In this quote, we learn the beginning of the HeLa cells saga. Skloot’s verbiage here, “mythological intensity,” as contrasted with the scientific environment she’s describing, indicates how miraculous the discovery of HeLa cells really was. She follows the description of the cells’ speedy growth with George quickly agreeing to share the cells, giving the reader a rushed feeling; this is how the distribution of the cells got out of hand.
“This story just got to be told! Praise the Lord, people got to know about Henrietta!”
These words, spoken by Courtney Speed, reveals the authentic dialect of the Lackses and their community. She also represents the feelings of the community when she attributes Skloot’s arrival to be of religious significance and expresses her excitement that Henrietta’s story will at last be portrayed in earnest. She follows up these sentiments by telling Skloot she refuses to tell her anything until she has the family’s consent.

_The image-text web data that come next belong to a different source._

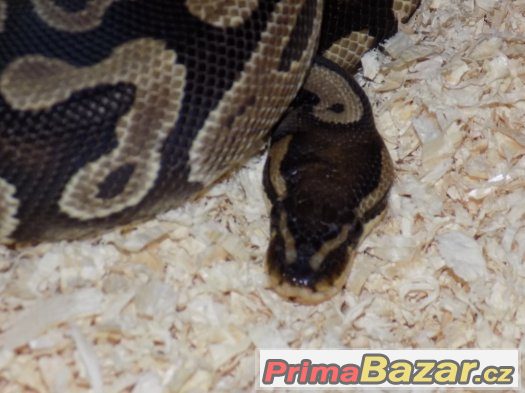 Krajta královská (Python regius) Krajta královská (Python regius)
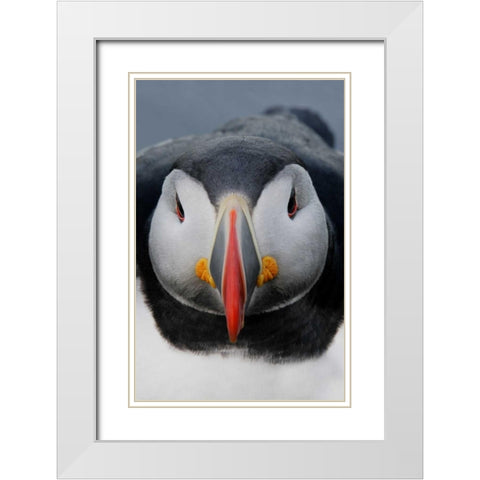 Iceland, Latrabjarg Atlantic puffin head White Modern Wood Framed Art Print with Double Matting by Morris, Arthur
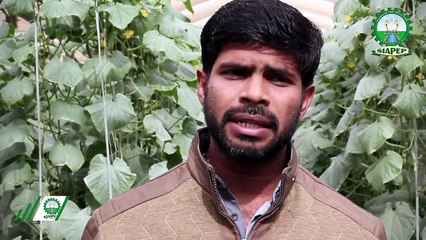 Drip irrigation system implemented by SIAPEP in Tando Allahyar - Success Story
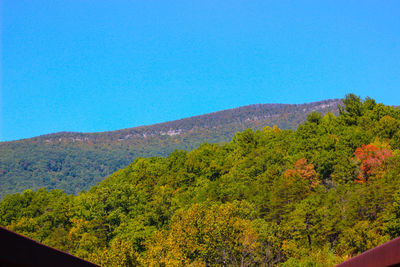 Scenic view of tree mountains against clear blue sky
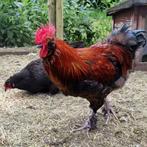 Mooie gekleurde jonge haan, Dieren en Toebehoren, Pluimvee, Mannelijk, Kip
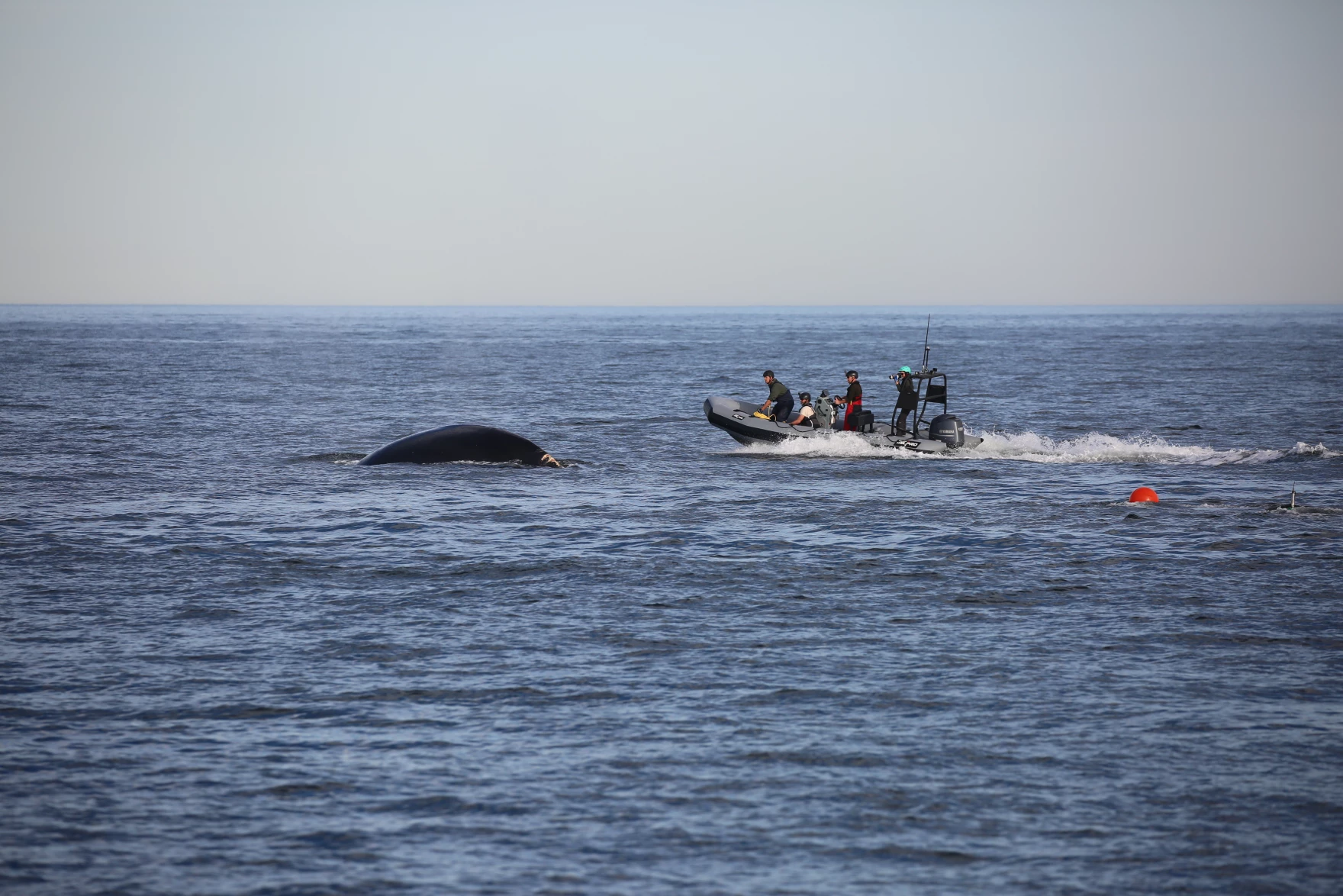 The Georgia Department of Natural Resources led a disentanglement response for Nimbus, a right whale that was spotted entangled in some 375 feet of fishing line off the Georgia coast on Jan. 20, 2023.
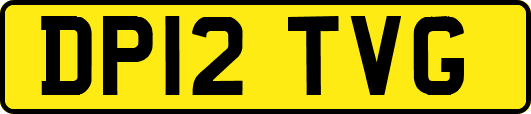 DP12TVG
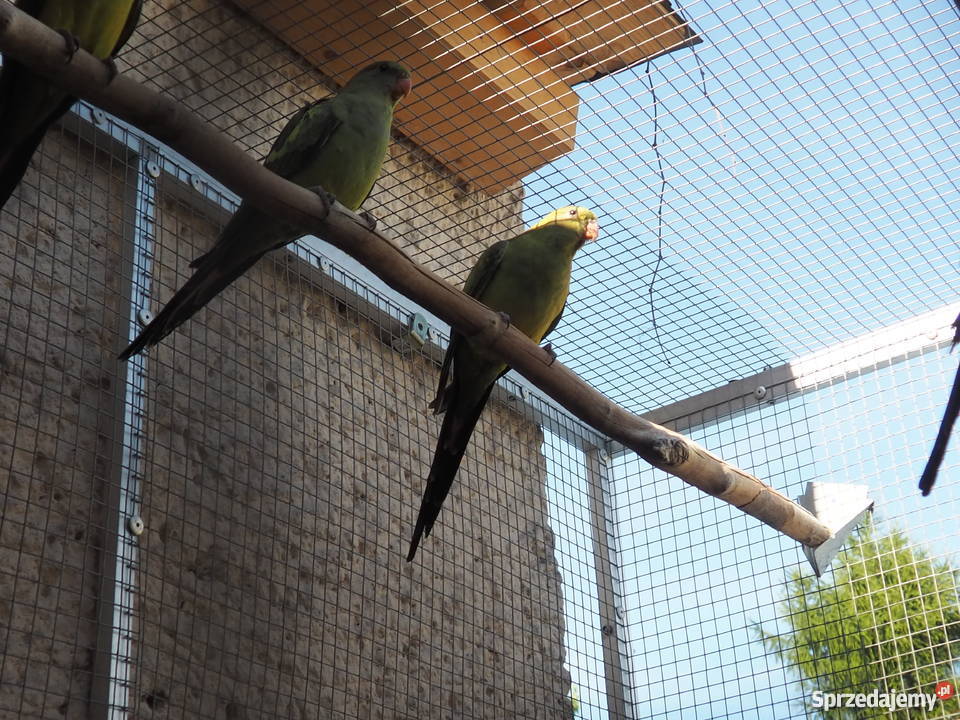 Papuga górska Pszów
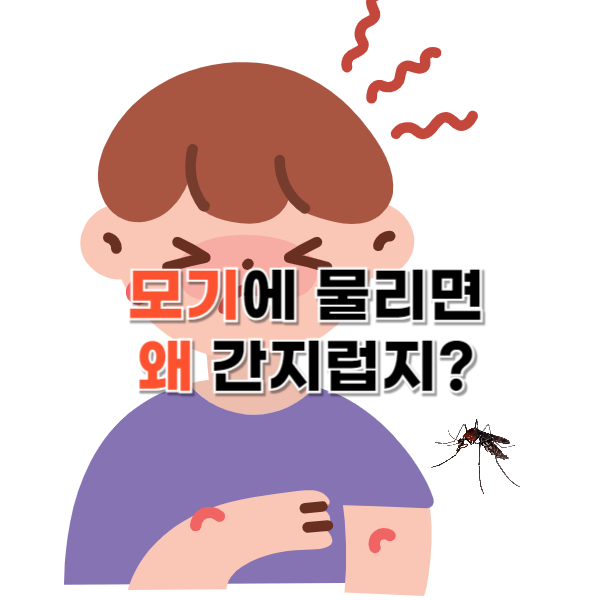 모기에 물리면 왜 간지러운 걸까?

“Nobody round here never understood how she dead and that thing still livin’. That’s where the mystery’s at.”
This quote from Cootie portrays how Henrietta’s community reacted to the news of her immortal cells. Cootie goes on to guess that her cells are either “man-made” or “spirit-made,” telling Skloot about sickness spirits that have visited his house. Cootie’s superstitious beliefs pervade the Lacks family.
“When I saw [Henrietta’s] toenails […] I nearly fainted. I thought, Oh jeez, she’s a real person. I started imagining her sitting in the bathroom painting those toenails, and it hit me for the first time that those cells we’d been working with all this time and sending all over the world, they came from a live woman. I’d never thought of it that way.”

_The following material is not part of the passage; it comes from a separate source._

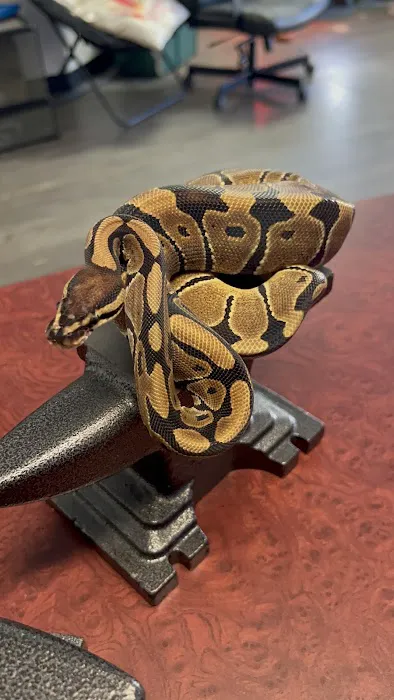 Anvil Exotics Picture 1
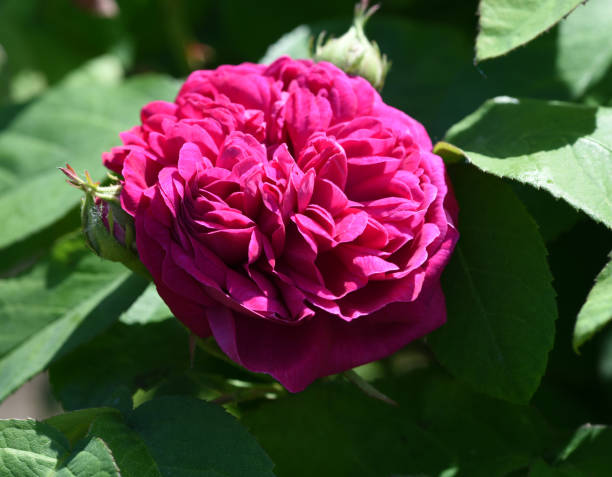 Damascener Rose, Rose de Resht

Henrietta’s toenails here symbolize Henrietta’s humanity. For the first time, Mary Kubicek recognizes that the cells belong to a human being, contrasting Gey’s work, which has never considered the personhood or informed consent of Henrietta. Mary’s realization draws attention to the callous nature of their research.
“Black scientists and technicians, many of them women, used cells from a black woman to help save the lives of millions of Americans, most of them white. And they did so on the same campus—and at the very same time—that state officials were conducting the infamous Tuskegee syphilis studies.”

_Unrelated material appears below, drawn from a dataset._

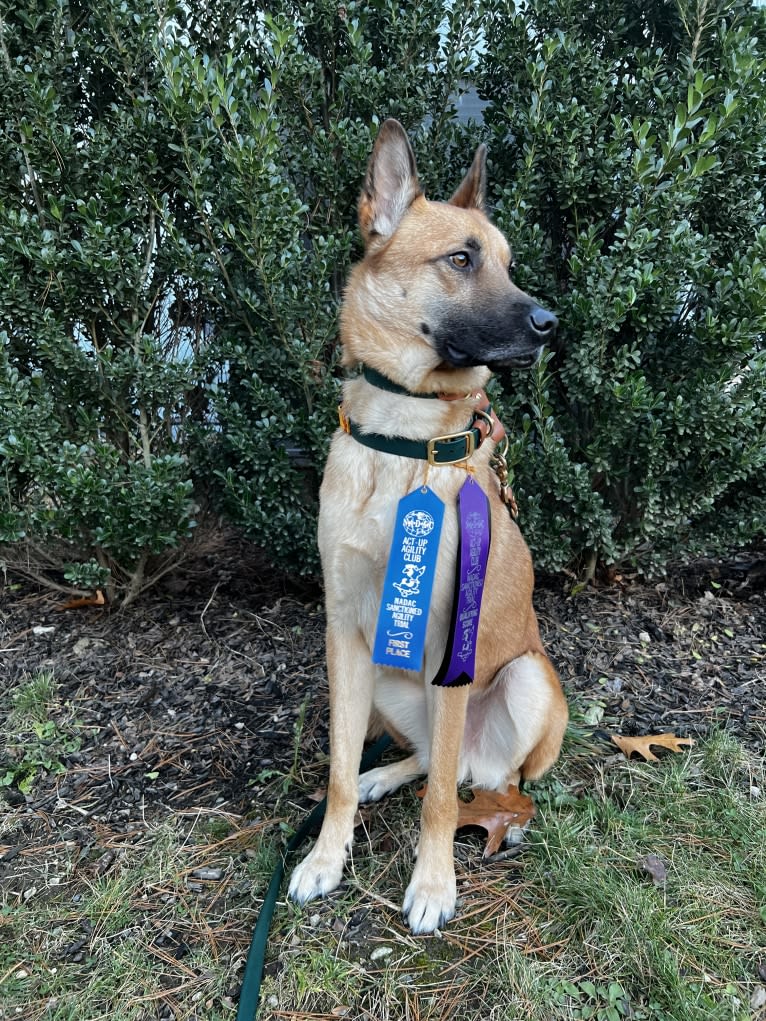 Everhett, a German Shepherd Dog and Australian Cattle Dog mix tested with EmbarkVet.com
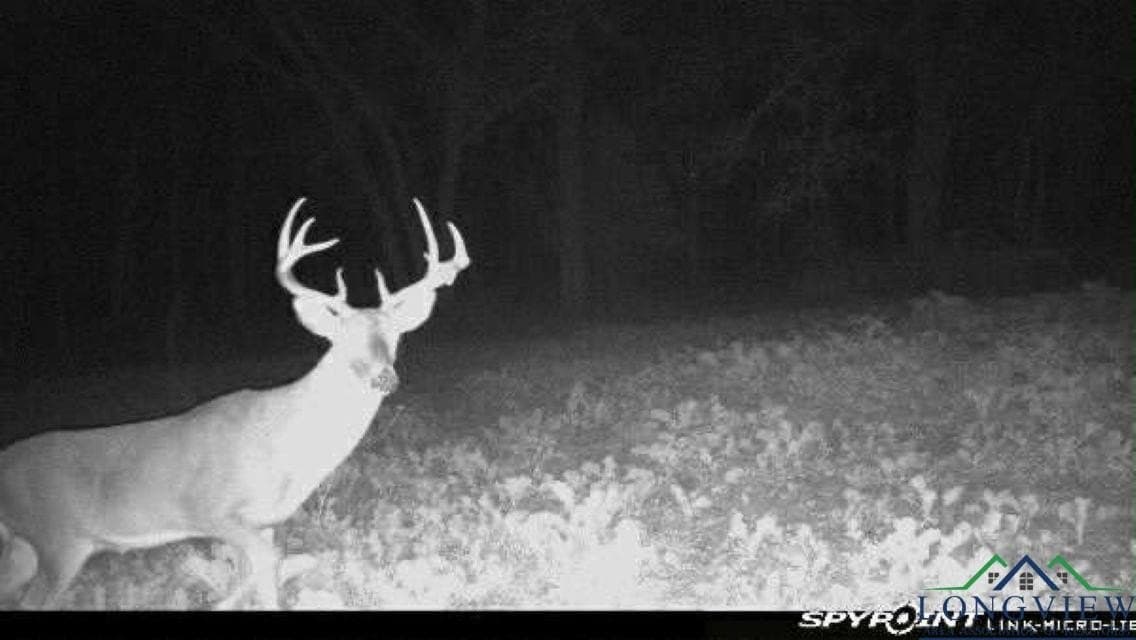 92.41 acres in Cass County - photo 4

This passage reveals the exploitation of blacks for the benefit of white patients. The Tuskegee syphilis studies supports the revelation, as the study included black men with syphilis that might’ve been healed, but were forced to suffer through their illness and die for the sake of research.
“The tribunal set forth a ten-point code of ethics now known as the Nuremberg Code, which was to govern all human experimentation worldwide. The first line in that code says, ‘The voluntary consent of the human subject is absolutely essential.’ The idea was revolutionary […] But the Nuremberg Code—like other codes that would come after it—wasn’t law. It was, essentially, a list of recommendations.”
The lack of ethical law in medical research contributes greatly to the book. The author suggests here that people had already ferreted out the ethics of certain practices, but the law was still falling short of monitoring the scientific community. As we see in the case of Southam, there were few repercussions for unethical research practices.
“Can you tell me what my mama’s cells really did?’ he whispered. ‘I know they did something important, but nobody tells us nothing.”
Here, Lawrence asks Skloot to explain the science behind the HeLa cells. The Lacks family has been so disregarded in the use of their mother’s cells that no one has even bothered explaining the HeLa cells’ significance to medicine. Skloot tells Lawrence about developing cultures to regrow corneas, and Lawrence declares that it’s a miracle, framing the concept in a way that’s easier for him to understand.